### Problem to solve:
Would you please repeat, word for word, only the lines from the one holding "Win 10的注销、睡眠、休眠有啥不同？" through the one holding "音像天才点心师(彩绘注音版)/开心女孩秦文君" in the material below, without the pictures?

### Available records:
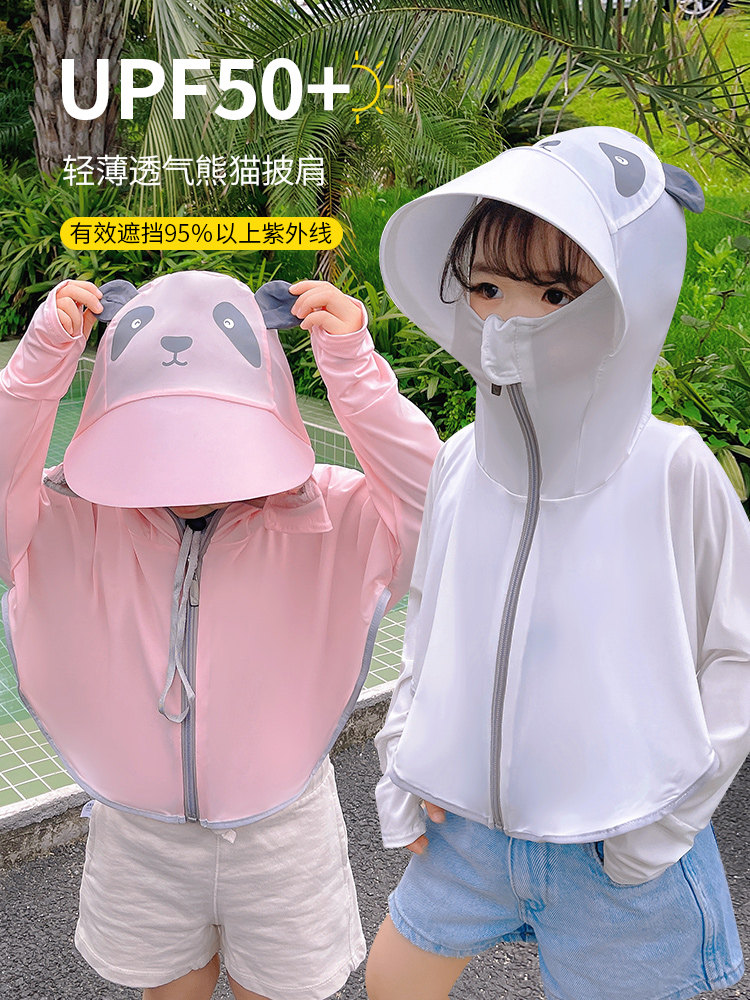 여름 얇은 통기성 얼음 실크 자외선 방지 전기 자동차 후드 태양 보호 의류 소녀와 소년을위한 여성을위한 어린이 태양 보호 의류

* * *

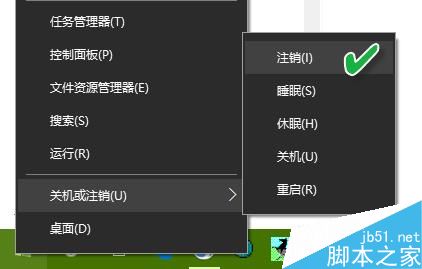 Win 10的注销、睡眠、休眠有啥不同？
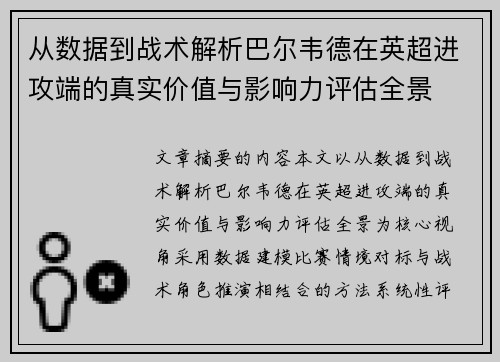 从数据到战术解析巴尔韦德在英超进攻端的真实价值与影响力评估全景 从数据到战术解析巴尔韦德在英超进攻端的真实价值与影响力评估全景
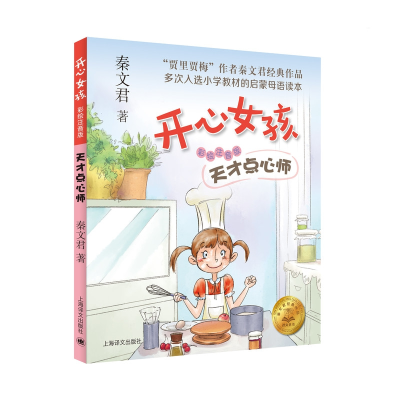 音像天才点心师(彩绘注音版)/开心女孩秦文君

==

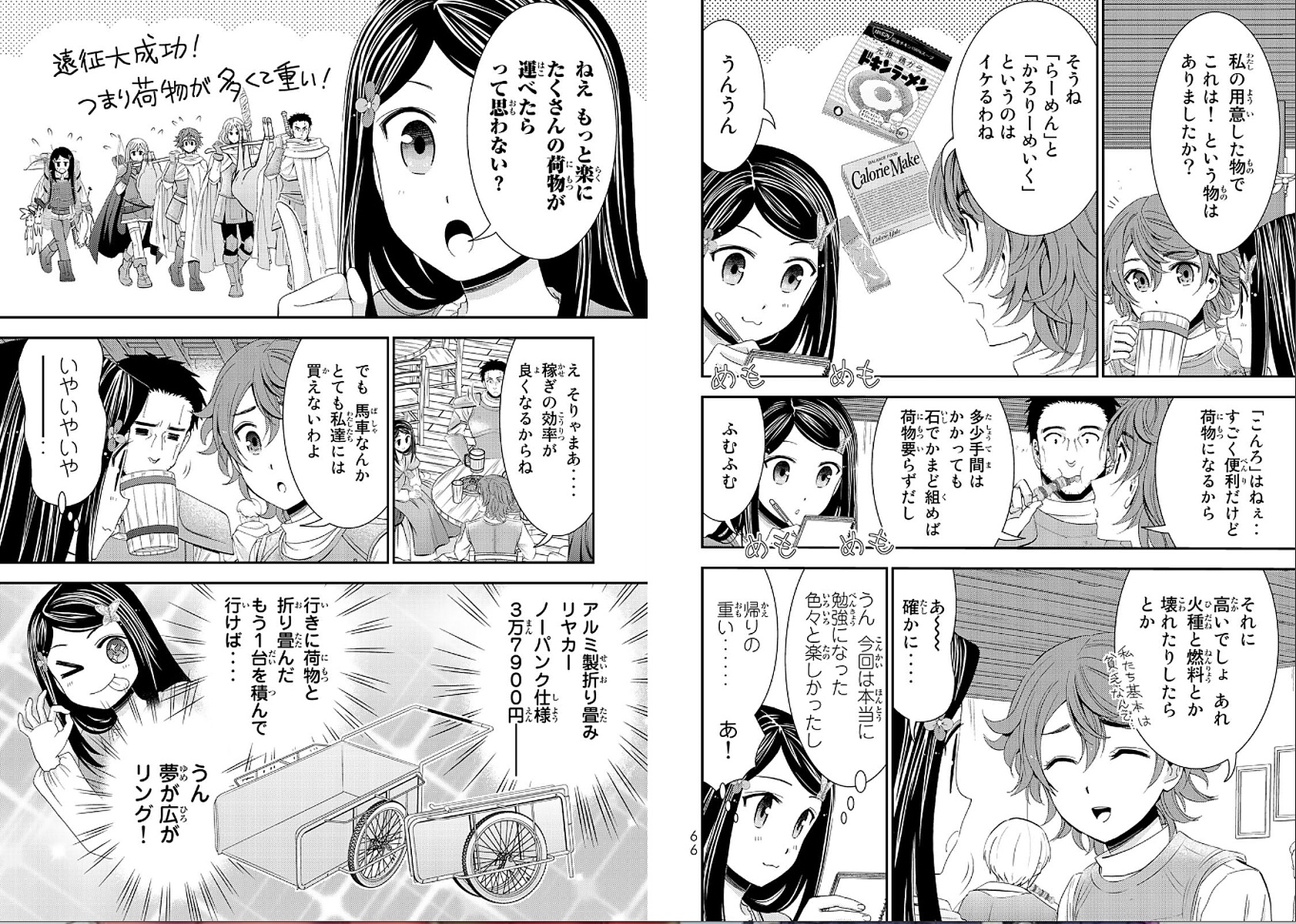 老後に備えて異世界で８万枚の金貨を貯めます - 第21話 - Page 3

### Answer to this task:
 Win 10的注销、睡眠、休眠有啥不同？
 从数据到战术解析巴尔韦德在英超进攻端的真实价值与影响力评估全景 从数据到战术解析巴尔韦德在英超进攻端的真实价值与影响力评估全景
 音像天才点心师(彩绘注音版)/开心女孩秦文君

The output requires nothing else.